Non-coding RNAs can promote PD-L1/PD-1 expression through ceRNA
regulation of NSCLC mechanisms [[170]45]. However, given the complexity
of the immune system, knowledge of a single biomarker that can
precisely identify patients who can potentially benefit from ICIs is
lacking. Immune-related gene signatures, immune infiltrating cells, and
chemokines are important in predicting the clinical response to
immunotherapy and prognosis of NSCLC patients [[171]14]. A previous
study shows that activated memory CD4 T cells and helper T cells are
positively correlated with improvement in survival AMONG lung cancer
patients [[172]14]. By contrast, suppressive immune cells, including
resting dendritic cells, M0 macrophages, and neutrophils, form an
immunosuppressive microenvironment [[173]46] and indicate a poorer
prognosis. Integrated analysis of the correlation between ceRNA and
TIME is necessary to improve the accuracy of prognostic predictions.

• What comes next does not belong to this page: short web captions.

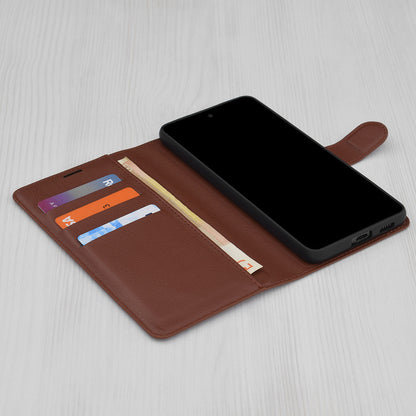 Deksel for OnePlus 13R, Techsuit, Leather Folio, Brun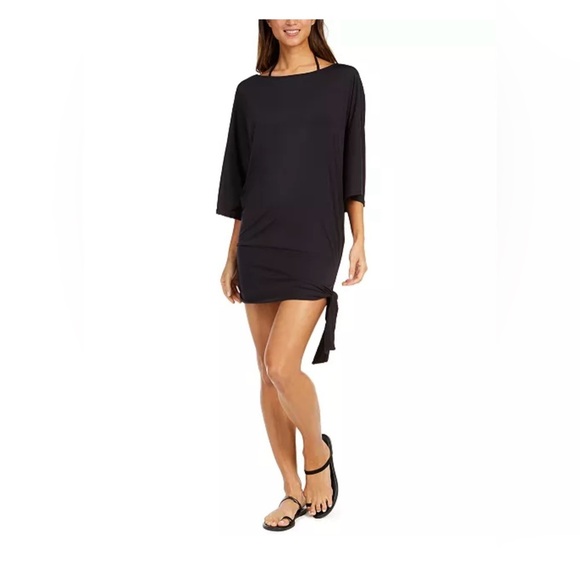 NWT MICHAEL Michael Kors Side-Tie Swim Cover-Up Large - Picture 1 of 3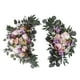 thumbnail image 1 of Arco De Boda Flores Hojas Verdes Corona De Puerta Para Telón De Fondo Adorno De Mesa, 1 of 3
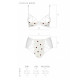 Еротичний комплект з малюнком Passion LOVELIA BIKINI white L/XL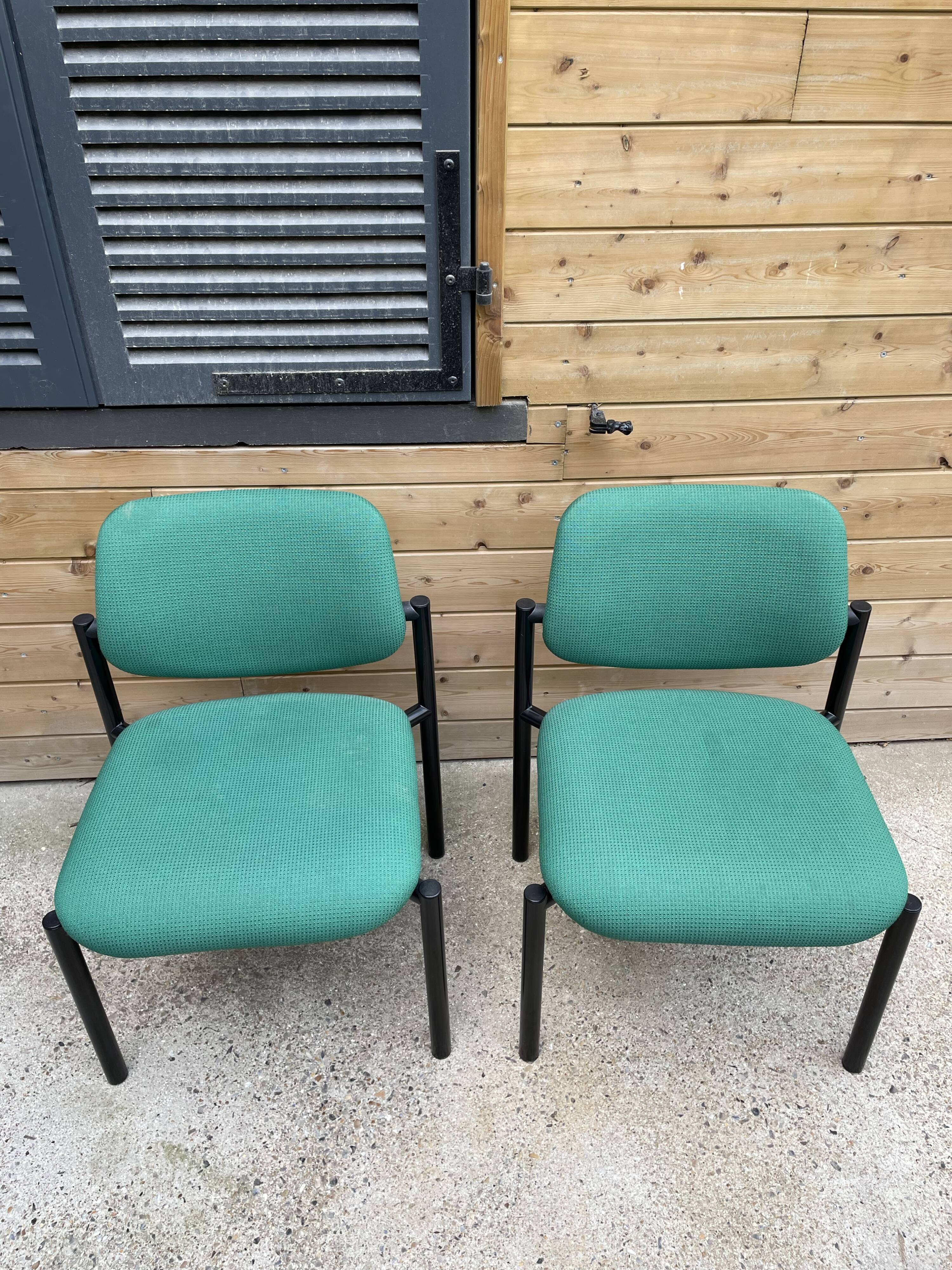Pair of vintage Martin Stoll Champenay office chairs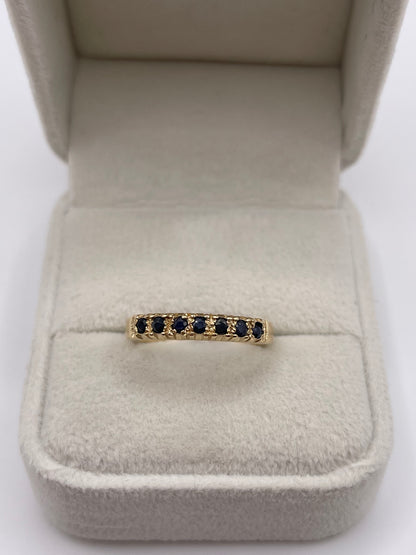 9ct gold sapphire ring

The ceRNA signature in NSCLC is related to immune infiltrating cell
types and PD-1 expression. Results from the execution of the CIBERSORT
algorithm showed that the proportion of activated CD4 memory T cells
and follicular helper T cells was positively correlated with the risk
score of 13 gene-based ceRNA network, and the proportion of CD4 memory
resting T cells, M0 macrophages, resting dendritic cells, and
neutrophils was negatively associated with the 13 gene-based ceRNA risk
score. Chemokines, especially CXCL9, CXCL-10, and CXCL11/CXCR3 axis,
play key roles in TIME and immune response [[174]39]. Reduced levels of
CXCL9 and CXCL10 are correlated with the immunosuppressive
microenvironment, negative responses to ICIs, and poor prognosis among
cancer patients [[175]47]. In the present study, CXCL9 and CXCL10 were
downregulated in the high-risk group, which further promoted
immunosuppressive TIME. Taken together, our ceRNA risk model may
effectively predict the TIME in NSCLC patients.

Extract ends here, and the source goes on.